Cota nas universidades: Inclusão ou retrocesso?

Enviada em 16/11/2020

No romance “Triste Fim de Policarpo Quaresma, de Lima Barreto, o quixotesco personagem, que dá título ao livro, cria algumas fantasias em relação à pátria, o que o conduz ao seu declínio após ser traído por seus ideias. Fora das páginas literárias, o sistema falho de cotas no Brasil, provavelmente, contribuiria para potencializar as decepções de Quaresma, seja pela deficiência do ensino público, seja pela omissão estatal. Assim, faz-se necessário analisar os impactos de tal temática no país.

É importante ressaltar, em um primeiro plano, a precariedade da educação pública brasileira como impulsionadora da problemática. Embora a Constituição Federal, promulgada no Governo José Sarney, em 1988, tenha inovado na ampliação dos direitos sociais, como da cidadania e da educação, os resultados ainda não são satisfatórios. Nesse sentido, evidencia-se que a vulnerabilidade do ensino público de educação no país, não é sanada pelo sistema de cotas nas universidades pelo Brasil, uma vez que a população mais pobre do país tem  menores chance de ingressar em instituições públicas de ensino. Dessa forma, a disparidade entre classes no meio coletivo caminha de maneira contrária com a inclusão social dessa parcela na sociedade, que devido a sua deficiência educacional não consegue concorrer os primeiros lugares nas faculdades federais.

Ademais, cabe pontuar a negligência governamental entre as causas do sistema falho de cotas no estado brasileiro.
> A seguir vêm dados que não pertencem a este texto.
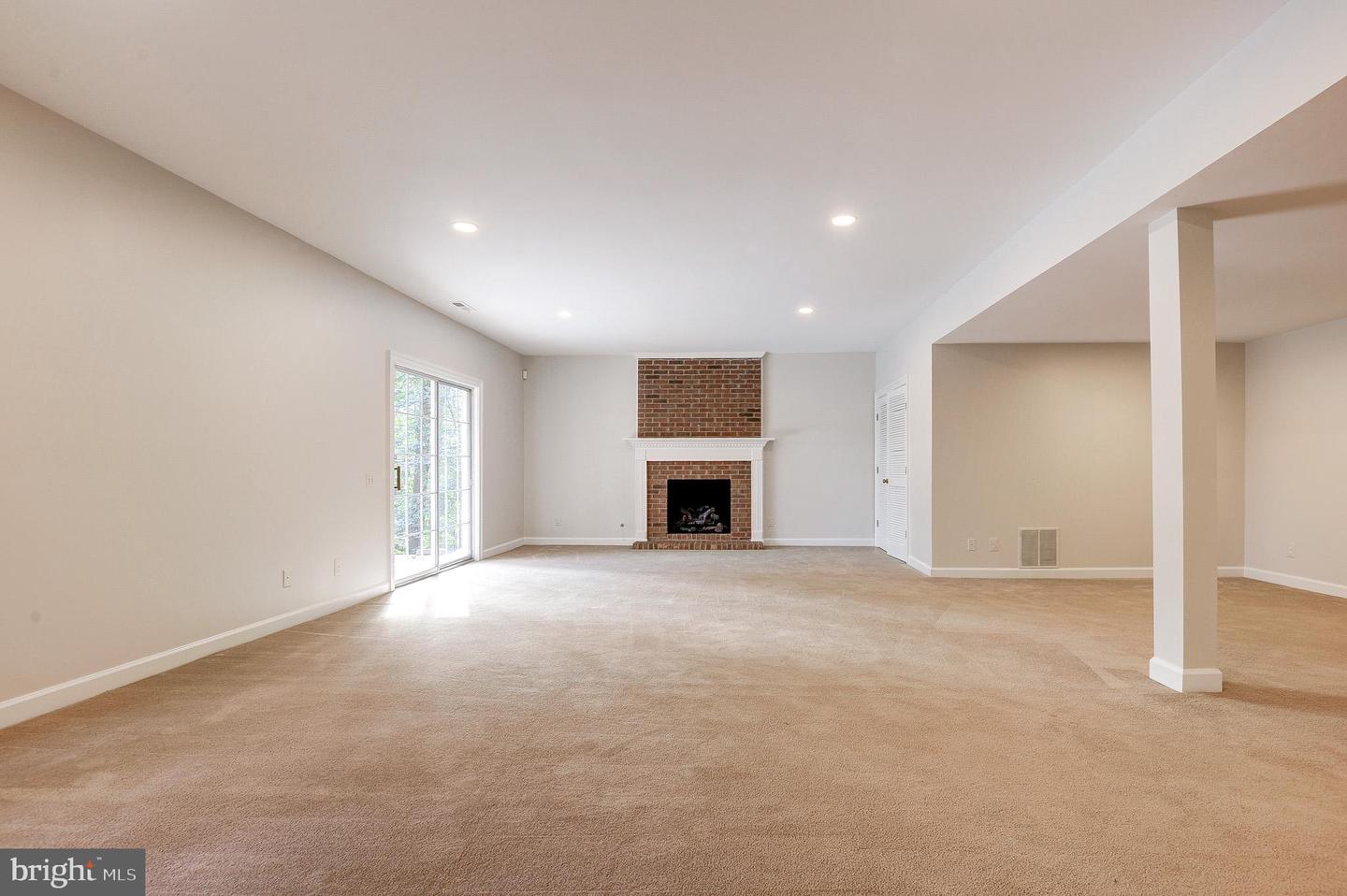 11913 CHAMPION LAKE CT, HERNDON, Virginia 20170, 4 Bedrooms Bedrooms, 12 Rooms Rooms,3 BathroomsBathrooms,Residential,For sale,11913 CHAMPION LAKE CT,VAFX2286234 MLS # VAFX2286234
Segundo o filósofo grego Aristóteles, a política deve ser utilizada de modo que, por meio dela, a justiça e o equilíbrio sejam alcançados na sociedade. Contudo, hodiernamente, esse panorama é utópico, visto que as instituições federais do país são ocupadas majoritariamente por pessoas ricas e brancas, de acordo com o jornal “o Globo” Desse modo, o desamparo estatal em promover mudanças na atual situação do sistema de ingresso nas universidades públicas, contribui de maneira substancial para o aumento da desigualdade entre classes no país. Nesse viés, é preciso uma reformulação legislativa para promover a minimização do impasse e diminuir a exclusão social.

Torna-se evidente, portanto, a necessidade de medidas exequíveis para maximizar a eficiência do sistema de cotas no Brasil. Logo, é preciso que o Governo Federal, em parceria com o Ministério da Educação, dissemine recursos para as escolas que se encontram em estado de vulnerabilidade no país, com intuito de qualificar o ensino público, a fim de promover a diminuição da disparidade entre classes no meio coletivo, proporcionando, dessa maneira, maiores chances para que a população mais desfavorecida socialmente consiga ingressar em universidades federais espelhadas pelo estado brasileiro e levando o país ao modelo social idealizado por Quaresma.